Task statement → Please set down only the lines below starting with the line with "报废摩托车是多少钱一辆新车呢-报废摩托车换新车多少钱？" and going on through the line with "今日黄金价格多少钱一克官网（今天黄金价格多少一克9999）", verbatim and without pictures.

Records for processing →

---*---

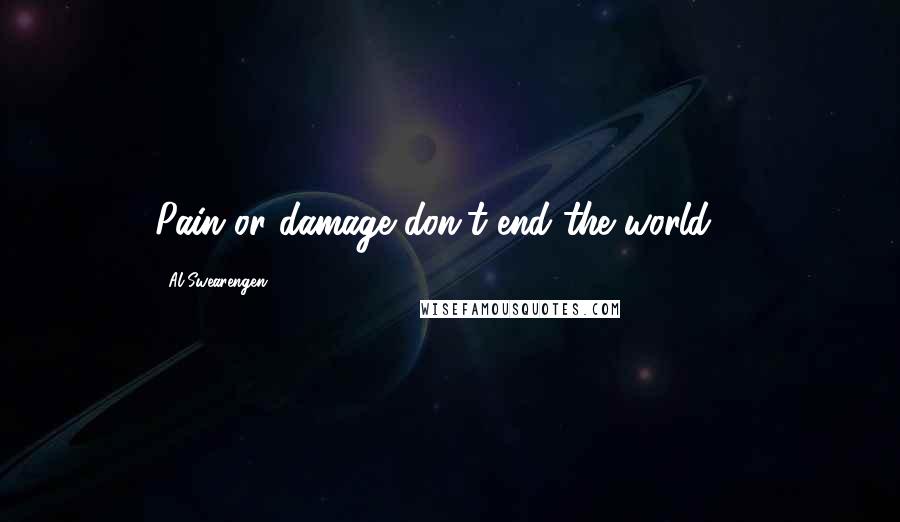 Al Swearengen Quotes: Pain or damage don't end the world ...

---*---

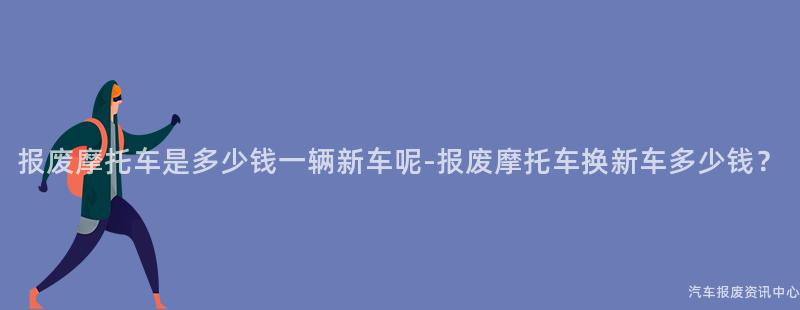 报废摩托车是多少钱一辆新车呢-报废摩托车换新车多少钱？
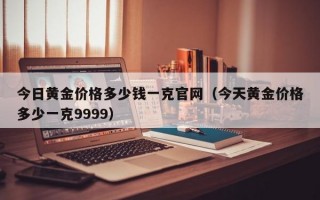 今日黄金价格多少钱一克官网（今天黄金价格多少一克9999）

---*---

Result of the task →
 报废摩托车是多少钱一辆新车呢-报废摩托车换新车多少钱？
 今日黄金价格多少钱一克官网（今天黄金价格多少一克9999）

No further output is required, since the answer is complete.